═════ SUPPLIED MATERIAL

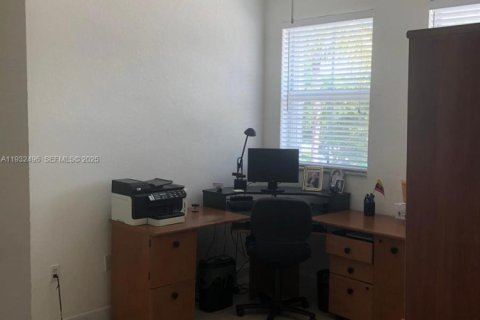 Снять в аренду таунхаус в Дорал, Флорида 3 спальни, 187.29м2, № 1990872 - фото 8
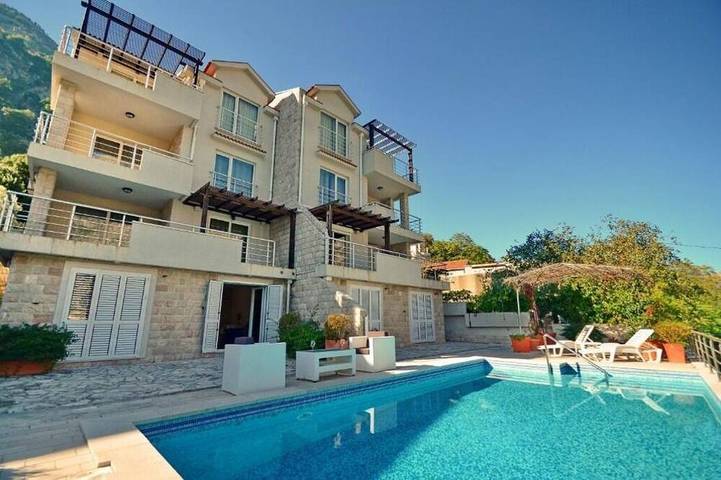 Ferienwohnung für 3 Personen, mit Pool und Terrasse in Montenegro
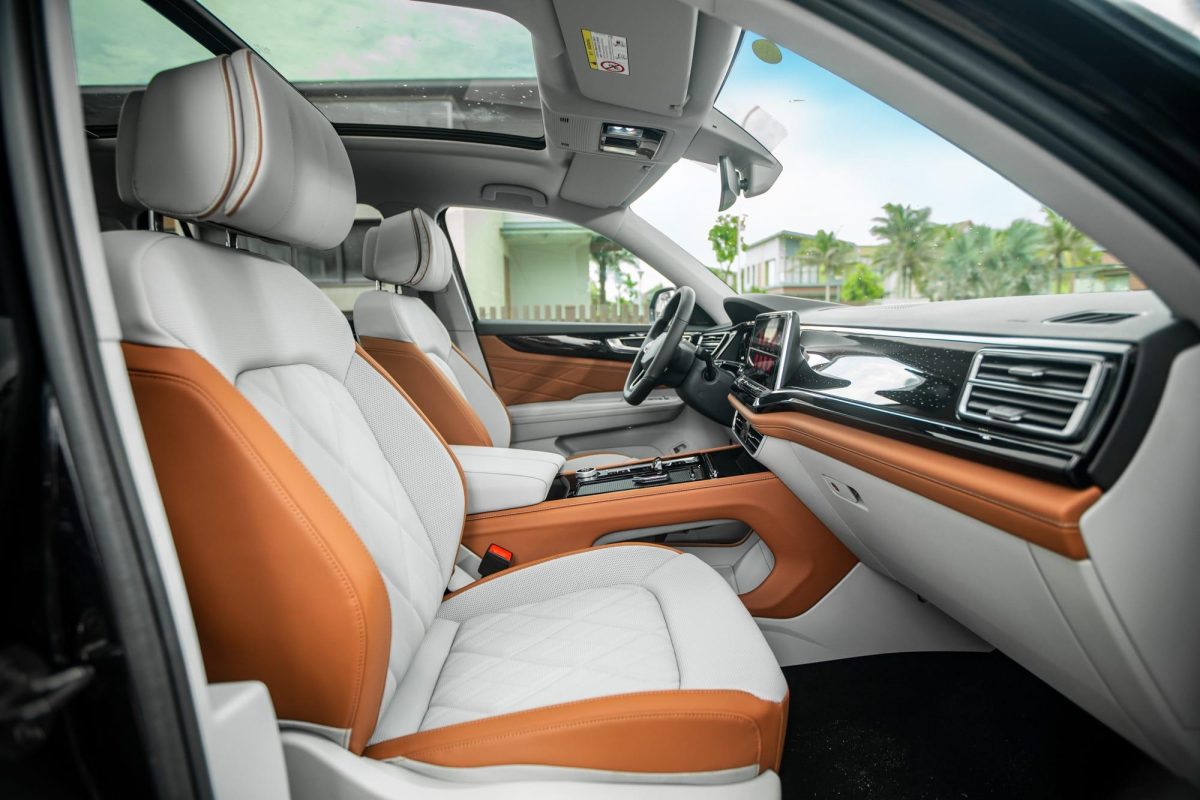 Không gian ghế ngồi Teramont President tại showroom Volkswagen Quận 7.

══════════

* **INSTRUCTIONS FOR THE TASK**:
Leave the pictures out, and print every line of the listing exactly as written.

* **RESPONSE FOR THIS EXERCISE**:
 Снять в аренду таунхаус в Дорал, Флорида 3 спальни, 187.29м2, № 1990872 - фото 8
 Ferienwohnung für 3 Personen, mit Pool und Terrasse in Montenegro
 Không gian ghế ngồi Teramont President tại showroom Volkswagen Quận 7.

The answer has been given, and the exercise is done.